Only three “ideas,” by my count, inform Mr. Singal’s intellectual and cultural history of Faulkner’s work. The first is Freudianism. About Freud, Faulkner—perhaps evasively—said he knew nothing whatsoever. Still, he was better read than he let on and may have been covering his tracks. In any case, Freudianism was everywhere in the air. And certainly Singal is right that modernism coincided with the spreading influence of Freud in America. I do not disagree with Singal’s inference that “it should be no surprise that identity would take its place as a major subject—perhaps the major subject —of [Faulkner’s] fiction.” I am even sympathetic with Mr. Singal’s interest in how “the Cavalier sensibility, a ‘faulty identity’” derived from the antebellum planter class—an identity that we see reflected in the romanticism of Flags in the Dust, Sartoris, and other such fiction—“could be held directly responsible for the catastrophe of the Civil War, as well as the South’s subsequent descent into virulent racism and poverty.” Singal, I believe, is quite right to find Faulkner devoting “the greater part of his efforts as a modernist writer both to savaging the mythic Cavalier and to searching for an ideal twentieth-century southern identity with which to replace it.”

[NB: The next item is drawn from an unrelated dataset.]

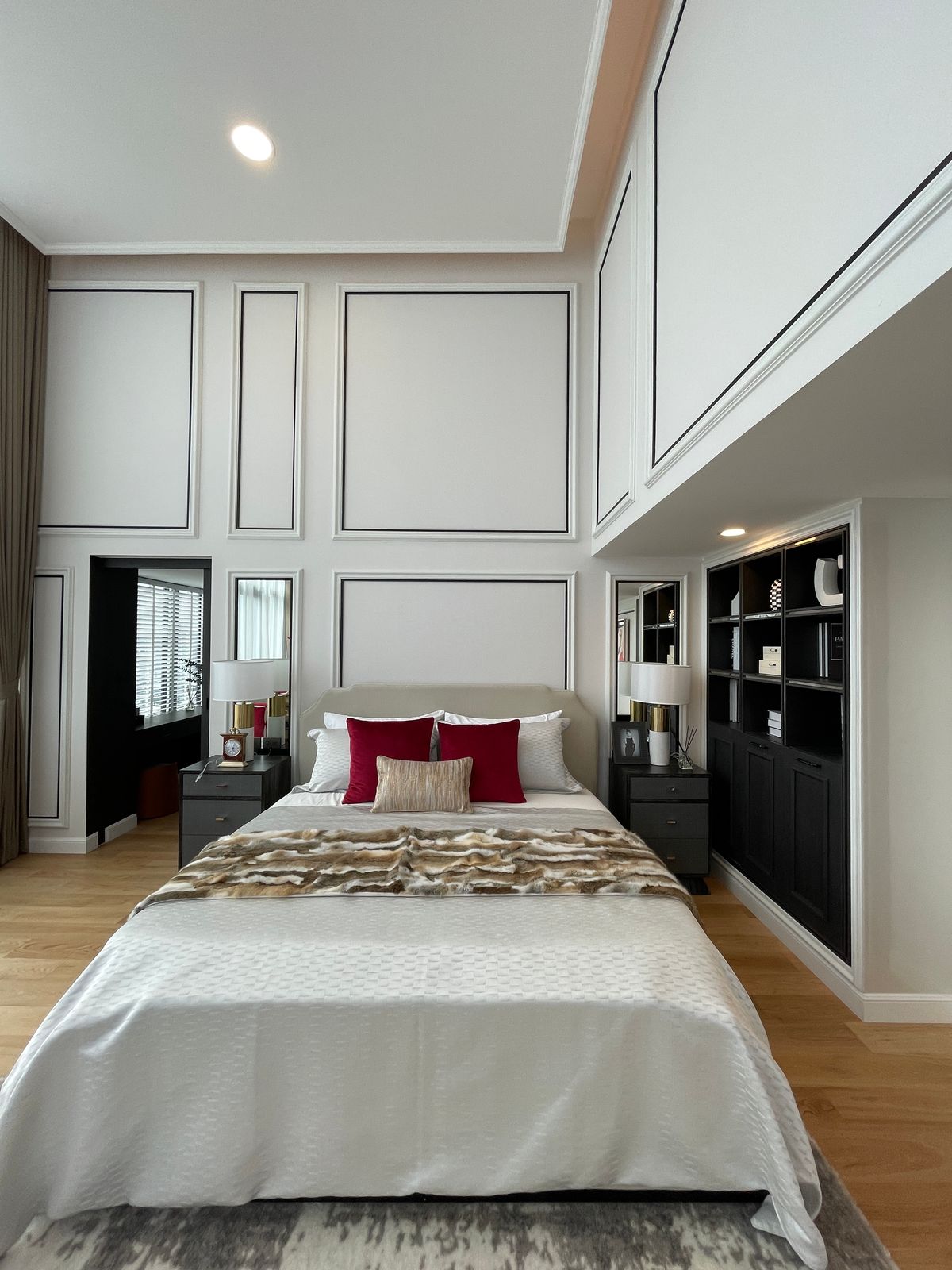 ขายคอนโดพระราม 9 เพชรบุรีตัดใหม่ RCA : ขายคอนโด แลนด์มาร์ค แอท เอ็มอาร์ทีเอ สเตชั่น: Penthouses 3 ห้องน้อน 3 ห้องน้ำ ตกแต่งครบพร้อมเข้าอยู่  นิยามใหม่ของการใช้ชีวิตใจกลางกรุงเทพฯ คอนโดมิเนียม Branded Residence โดย Cassia (Banyan Group) Mega Mixed-Use ใกล้ MRT สายสีส้ม เพียง 350 เมตร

But I for one do not find essential to modernism, or to Faulkner, the notion that the self is a provisional quantity, an unstable, fluid, and changing element continually redefined by experience. Yet repeatedly we find sentences like the following:

There is, after all, no such thing as a generic human persona that remains the same in all times and places. On the contrary, Warren Susman informs us, the self is to a large extent historically determined, with each cultural era producing its own characteristic “modal” self as individuals construct their identities from the norms and prototypes that happen to be in circulation at the moment they come of age.

Is this indeed the case? Faulkner did not think so, nor do I. And of what authority in such matters, by the way, is Warren Susman, author of Culture as History: The Transformation of American Society in the Twentieth Century (1984)?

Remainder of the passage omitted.